Avec ce chapitre au titre éloquent, débute la deuxième partie du livre, essentiellement consacrée à la relation entre Érasme et Luther.

Zweig revient sur les actes et déclarations de chacun d'eux. Il analyse leur opposition sous différentes facettes. Leurs personnalités aux antipodes l'une de l'autre, les divergences sur la mise en œuvre d'une réforme de l'Église, ne s'accordant au fond que sur une chose : sa nécessité.

Et surtout il fait ressortir un élément historique lourd de conséquences : le fait qu'un véritable débat, dépassionné, disons simplement « technique » ait manqué entre ces eux hommes

Zweig désigne les insuffisances d'Érasme : sa coupable désinvolture qui ne lui fait pas apprécier à temps la déflagration potentielle des thèses de Wittenberg*, ensuite un manque d'allant à se saisir de la question, et puis même sa dérobade devant des demandes directes de chacune des parties.

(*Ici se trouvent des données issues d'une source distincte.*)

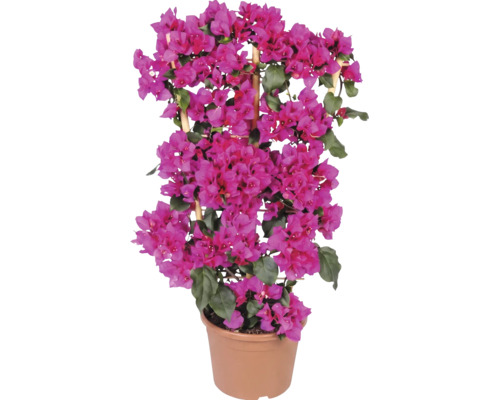 Bougainvillea roz în ghiveci de plastic cu suport de bambus.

Mais, malgré cela, c'est Luther que Zweig rend véritablement responsable de l'échec. Il en donne ici la raison de fond.

Ne concevoir les choses qu'en pour ou contre, tout ou rien, discriminer le monde en approbateurs ou contradicteurs : telle est la signature du fanatisme et du sectarisme. Que l'on approuve ou que l'on rejette, c'est au fond la même impossibilité de se faire interlocuteur dans un dialogue ouvert, constructif.

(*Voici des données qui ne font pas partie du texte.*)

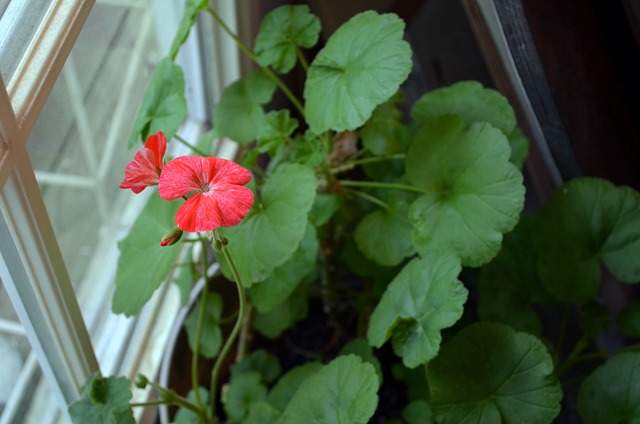 pelargonium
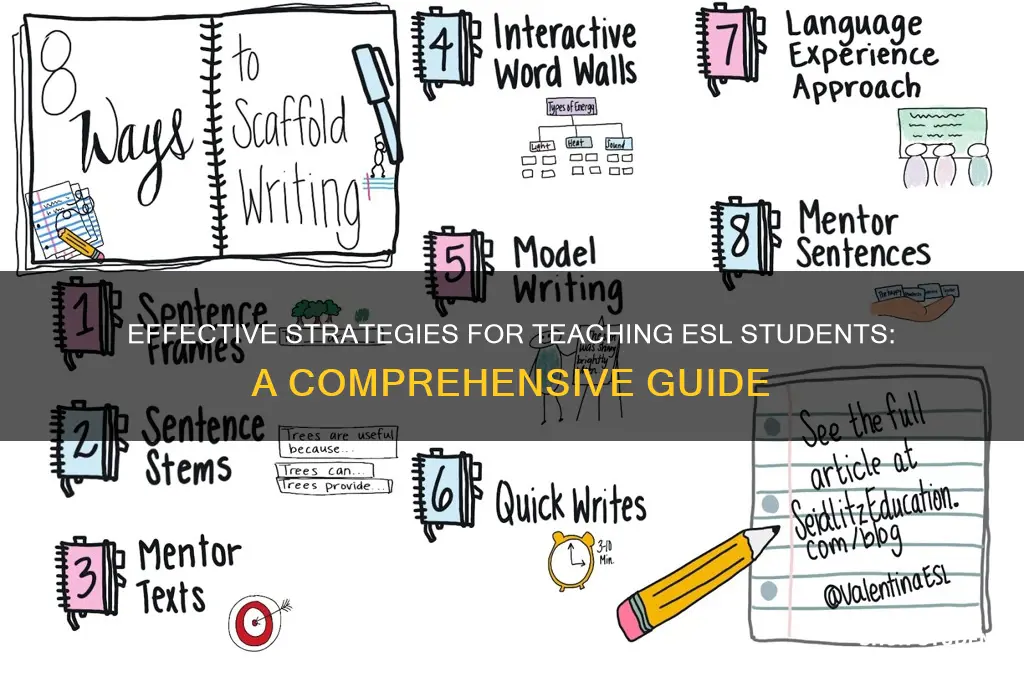 what is the best way to teach esl students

« Luther, de son côté, devait naturellement haïr la tiédeur et l'irrésolution d'Érasme dans les questions religieuses ; cette ''volonté de ne pas se décider'', ce qu'elle avait de souple, de lâche, de glissant (…) cette ''éloquence habile'' qui évite une confession bien franche, tout cela l'indignait. Il y avait quelque chose en Érasme qui devait exaspérer Luther, quelque chose en Luther qui devait révolter Érasme. »

Incompatibilité d'humeur entre leurs conceptions de la parole, et pas seulement la Parole au sens des Écritures.

On pourrait dire que l'un avait tendance à la langue de bois, et l'autre à la langue de fer.

 

*C'est le 31 octobre 1517, sur la porte de l'église de Wittenberg, que le moine augustin Martin Luther placarde une série de propositions critiquant le système dit des indulgences. (En gros acheter le pardon divin en payant le clergé) (rien de très nouveau donc dans le cadre d'un système religieux, mais les temps étaient mûrs sans doute pour Luther, dans sa réflexion, dans son itinéraire personnel).